Underscoring a functional and physical coupling of transcription and splicing (1,99,100), our molecular profiling of WDs comprising Ecd-deficient cells revealed a vast dysregulation of both transcription and splicing. Our analysis showed that changes in the nub>ecdRNAi transcriptome were dominated by aberrant expression of protein-coding genes. However, we also detected widespread de-repression of transposons, mostly residing in heterochromatic regions, indicating a possible disruption of chromatin organization and/or the mechanisms required for TE silencing. Interestingly, excessive TE activation has been observed in senescent human cells and in response to aging in both Drosophila and mammals (101–104).
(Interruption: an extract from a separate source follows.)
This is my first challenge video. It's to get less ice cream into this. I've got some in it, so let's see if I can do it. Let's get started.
Moreover, a recent analysis of RNA-seq datasets of senescent or aged cells in both humans and mice correlated increased transposon expression with transcriptional readthrough and intron retention (105).
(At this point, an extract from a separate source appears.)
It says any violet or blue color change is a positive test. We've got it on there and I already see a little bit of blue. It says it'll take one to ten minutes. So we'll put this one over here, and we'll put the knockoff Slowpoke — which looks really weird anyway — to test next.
Importantly, the molecular signature of Ecd-deficient WDs correlated with our observed phenotypes. The accumulation of DNA damage markers (e.g. pH2Av) was accompanied by the upregulation of several genes directly involved in DNA damage sensing and repair pathways. These pathways included homologous recombination (HR, mre11, Rad50, nbs, RPA3), non-homologous end joining (NHEJ, Irbp, Ku80, Xrp1, Irbp18, DNAlig3, DNAlig4, RPA1), global-genome nucleotide excision repair (GG-NER, mrn, mus201 Xpc, Ercc1) and Fanconi anemia pathway required for resolving of highly toxic interstrand crosslinks (ICLs, FANCI, FANCM, DNApol-iota, DNApol-zeta). The increased translation rate was supported by the upregulation of genes encoding small and large ribosomal subunits, as well as regulators of ribosome biosynthesis and cytoplasmic translation. Conversely, genes associated with the spliceosome, proteasome function, protein processing, and signaling pathways controlling epithelial morphogenesis and differentiation were downregulated. The upregulation of autophagy-related genes could indicate a compensation for proteasome impairment (106) and correlates with accelerated lysosome-dependent degradation of Prp8 in the absence of Ecd (17). Importantly, autophagy is one of the effector mechanisms of senescence required for acquisition of the senescence phenotype (107). Interestingly, p53 can promote autophagy (108,109) and switches from a pro-apoptotic inducer to a pro-survival factor in G2-arrested cells (110). Together, this suggests that Xrp1-dependent p53 upregulation could exert a cytoprotective role in splicing-deficient cells by inducing autophagy and delaying proteotoxicity caused by increased translation and proteasome impairment, thereby promoting survival and maintenance of irreversibly damaged cells.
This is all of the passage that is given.